Puño Dragón pisaba por primera vez la Sala Mardi Gras de A Coruña ante una evidente expectación. El concierto llevaba el cartel de entradas agotadas desde hacía casi dos meses, y el ambiente se notaba cargado de esa mezcla que suele acompañar a las primeras veces en una sala en firme, motivada por la curiosidad de unos y la devoción de otros. Sobre el escenario, seis músicos dispuestos a reivindicar el placer de tocar sin prisas, después de un verano de festivales y setlists comprimidos a la medida marcada por esa hegemonía de la atención capitalista.
Abrieron con una intro instrumental, un arranque elegante que pronto se vio interrumpido por una rotura de cuerda que obligó a improvisar. Lejos de incomodar, el contratiempo sirvió como carta de presentación: naturalidad, humor y complicidad entre los miembros de una banda que ya ha ganado tablas a base de carretera. Entre temas, el cantante confesó que era la primera vez que iban a interpretar su nuevo disco al completo, una sorpresa que el público celebró con entusiasmo. El sonido de Puño Dragón se mueve entre el pop-rock-folk de los ochenta y ciertos ecos del rock argentino de los noventa, con guiños que en algún momento se deslizaban hacia Bob Dylan y canciones míticas de los setenta.

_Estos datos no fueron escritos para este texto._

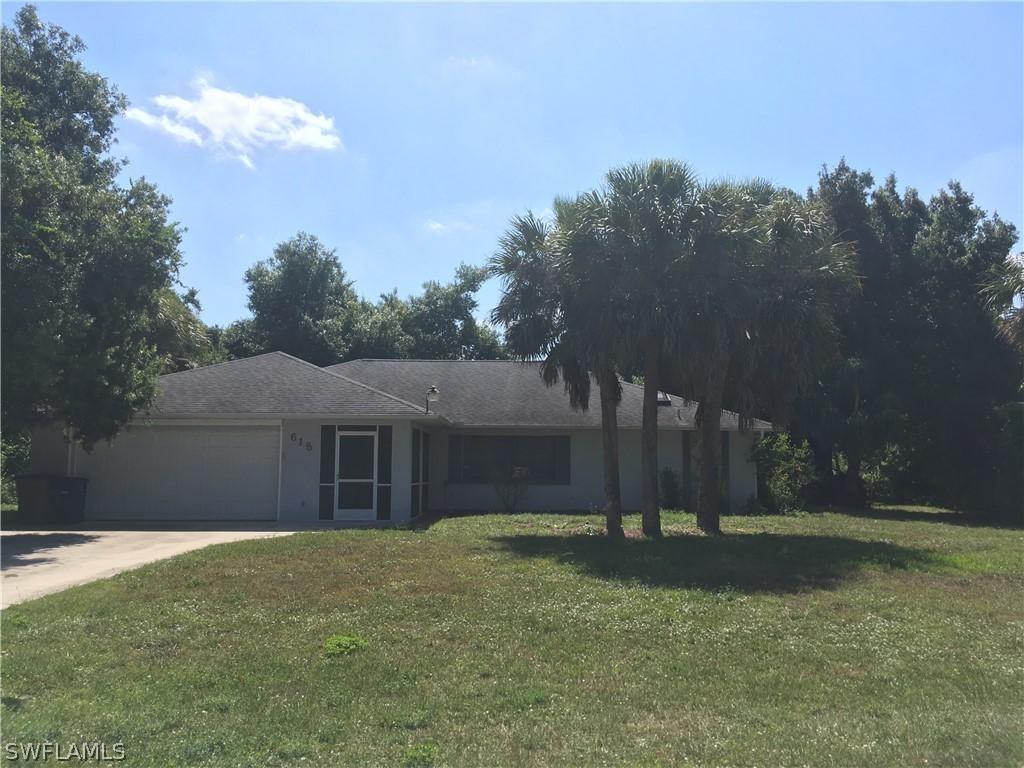 618 Jefferson Ave., Lehigh Acres, FL 33936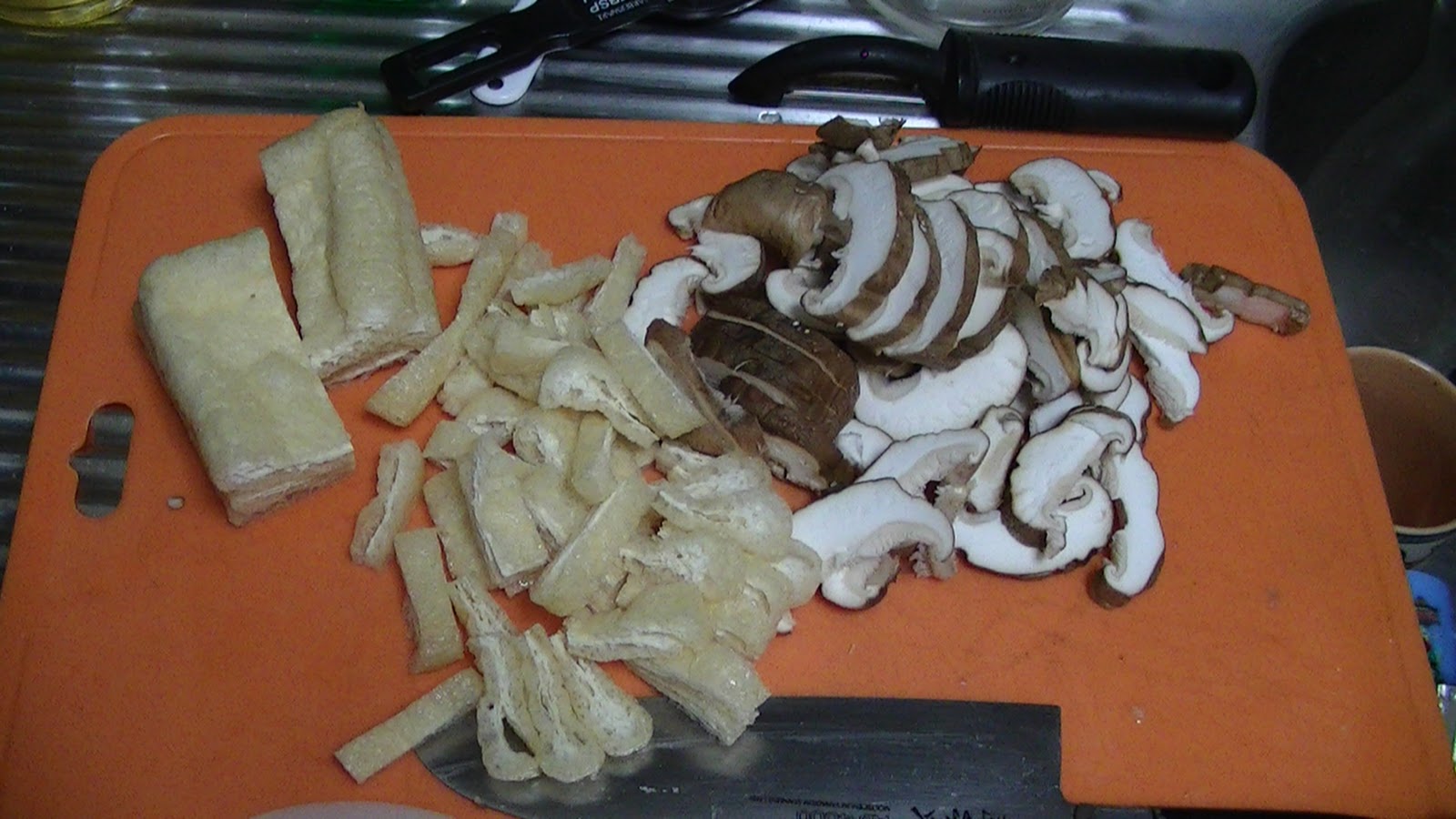 yokohamamama Beyond Plain RiceA Recipe for Shiitake Gohan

La voz rasgada del vocalista, al borde del colapso emocional, añade dramatismo y entrega a un repertorio que encontró respuesta inmediata: varias veces el público se adelantó a los coros, generando un ambiente memorable. Pero lo que más impresiona de Puño Dragón no es solo la solidez del grupo, sino la sensación de que aún se emocionan cuando la gente canta más fuerte que ellos. Y es que, en tiempos de artificio y postureo y en donde todo está medido, se agradece ver a una banda esforzarse en forjar lazos honestos con el público.